And my voice is to the sons of men, ] i.e., To the meaner sort of people. See Psalms 49:2 . These usually, like little fishes, bite more than bigger. The poor are evangelized, a saith our Saviour. Smyrna was the poorest, but best of the seven churches. Certain it is, that many of the meaner sort hold that they are not bound to look after Scripture matters, but that it is for rich men and scholars only to do so. We have nothing, say they, to live by but these hands. How can day labourers and poor craftsmen attend to such things? b The baser sort of people in Switzerland do always break the Sabbath, saying that it is only for gentlemen to keep that day. See Jer 5:4 John 7:49 . But Paul, a poor tent maker, could say, "Our conversation is in heaven"; and God’s people are "afflicted and poor," yet "they trust in the name of the Lord." Zep 3:12 Who ever richer than Adam in Paradise? poorer than Job on the dunghill? Yet in Paradise Satan foiled Adam, on the dunghill Job foiled Satan. Think not that poverty can excuse from duty. Poor men also must listen to wisdom’s voice, or it will be worse with them; there is yet but a beginning of their sorrows.
a ευαγγελιζονται .
b " πως δυνησομαι χειροτεχνης ων και πενης φιλοσοφειν ." - Chrysost, Hom. 22, ad Pop. Antioch.
Pro 8:5 O ye simple, understand wisdom: and, ye fools, be ye of an understanding heart.
Ver. 5. O ye simple. ] If ye be not set in sin, resolved of your way, as good as ye mean to be; if yet there be any place left for persuasion. See Trapp on " Pro 1:4 "
And ye fools. ] Ye that have already made your conclusion, and are wiser in your own conceit than seven men that can render a reason.
Pro 8:6 Hear; for I will speak of excellent things; and the opening of my lips [shall be] right things.
Ver. 6. I will speak of excellent things. ] ηγεμονικα ; ruling cases, master sentences, axioms of state, principles for princes. "I have written for them the great things of my law." Hos 8:12 Solomon calls the Scriptures "lords of collections," as some sense that text, Ecclesiastes 12:11 .
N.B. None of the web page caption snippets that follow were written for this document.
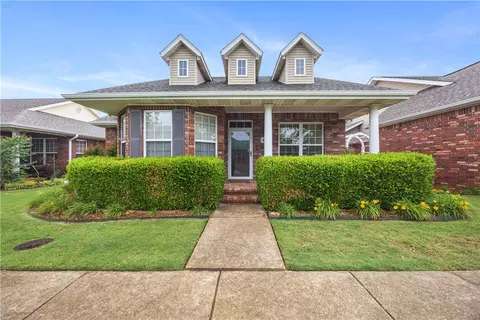 6872 Young Farm Ave, Springdale, AR 72762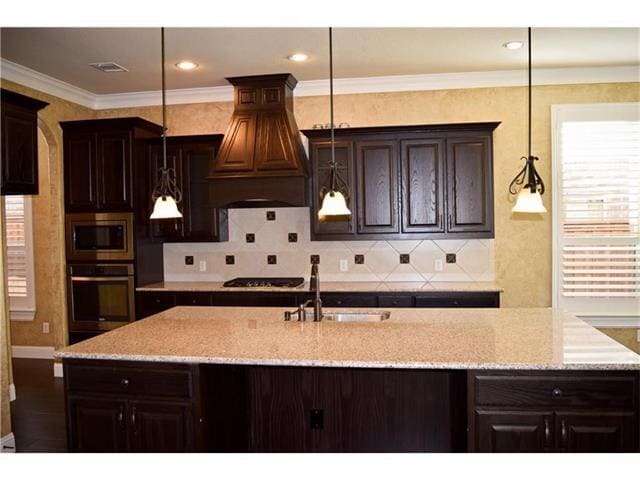 Building Photo - 115 Oakwood Ln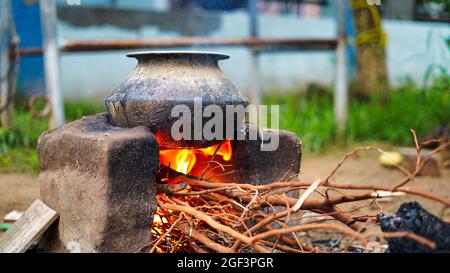 Ländliche Küche. Traditionelle Öfen, die von Bewohnern des ländlichen Indiens verwendet werden, aus Lehm, mit Holz betrieben Stockfoto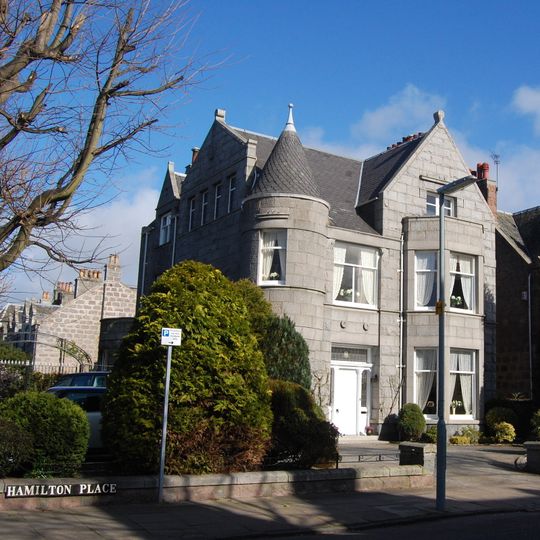 98 Hamilton Place, Aberdeen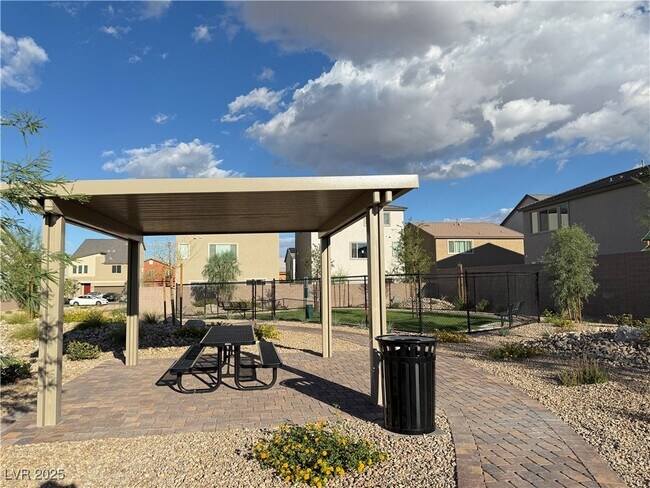 Building Photo - 7516 Castlegreen Ave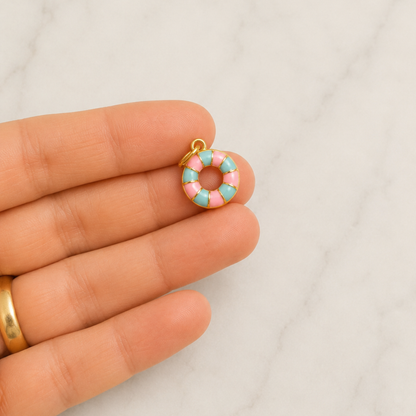 The Charm Bar – Hochwertiger, personalisierbarer Schmuck aus 18K PVD vergoldetem 316L Edelstahl. Wasserfeste Halsketten, Charms und Armbänder für einzigartige Kombinationen – jeder Charm erzählt deine Geschichte.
Shall be right things. ] Right for each man’s particular purposes and occasions. The Scriptures are so penned, that every man may think they speak de se, in re sua a of him and his affairs. In all the commandments of God, there is so much rectitude and good reason, could we but see it, that if God did not command them, yet it were our best way to practise them.
Pro 8:7 For my mouth shall speak truth; and wickedness [is] an abomination to my lips.
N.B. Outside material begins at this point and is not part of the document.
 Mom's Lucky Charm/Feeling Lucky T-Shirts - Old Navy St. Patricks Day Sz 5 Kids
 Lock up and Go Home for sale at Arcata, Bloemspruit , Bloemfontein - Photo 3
Ver. 7. For my month shall speak truth. ] Heb., Shall meditate truth; i.e., I will neither speak falsely nor rashly, but upon due deliberation and undoubted certainty. See my "True Treasure," p. 122.
Pro 8:8 All the words of my mouth [are] in righteousness; [there is] nothing froward or perverse in them.
Ver. 8. All the words. ] The Rabbis have a saying, that there is a mountain of sense hanging upon every tittle of the Scriptures.
There is nothing froward or perverse in them. ] Some places of Scripture may seem to cross other places, but they do only seem so. Men may think they are like the accusers of Christ, never a one speaking like the other; but those that understand them shall find them like Nathan and Bathsheba, both speaking the same things. The old Rabbis could not reconcile Ecclesiastes (some passages in it) to the rest of the Holy Scriptures, and had therefore some thoughts to conceal it from the people a But this was their weakness, and would have been their wickedness.
Pro 8:9 They [are] all plain to him that understandeth, and right to them that find knowledge.
Ver. 9. They are all plain to him that understandeth. ] Plain in things necessary to salvation; for as all duties, so all truths do not concern all men. God doth not expect or require that every man should be a doctor in the chair; but those points that direct to duty here, and salvation hereafter, are clear, express, and obvious to them that desire to understand them; for some there are, qui ut liberius peccent, libenter ignorant. a It was a smart answer which M. Durant, a witty and learned minister of the Reformed Church of Paris, gave to a lady of suspected chastity, and now revolted: when she pretended the hardness of the Scripture, Why, said he, madam, what can be more plain than "Thou shalt not commit adultery?" Had she not been failing in the practice of what she could not but know, she had found no cause to complain of the difficulty of that which she could not know.
Pro 8:10 Receive my instruction, and not silver; and knowledge rather than choice gold.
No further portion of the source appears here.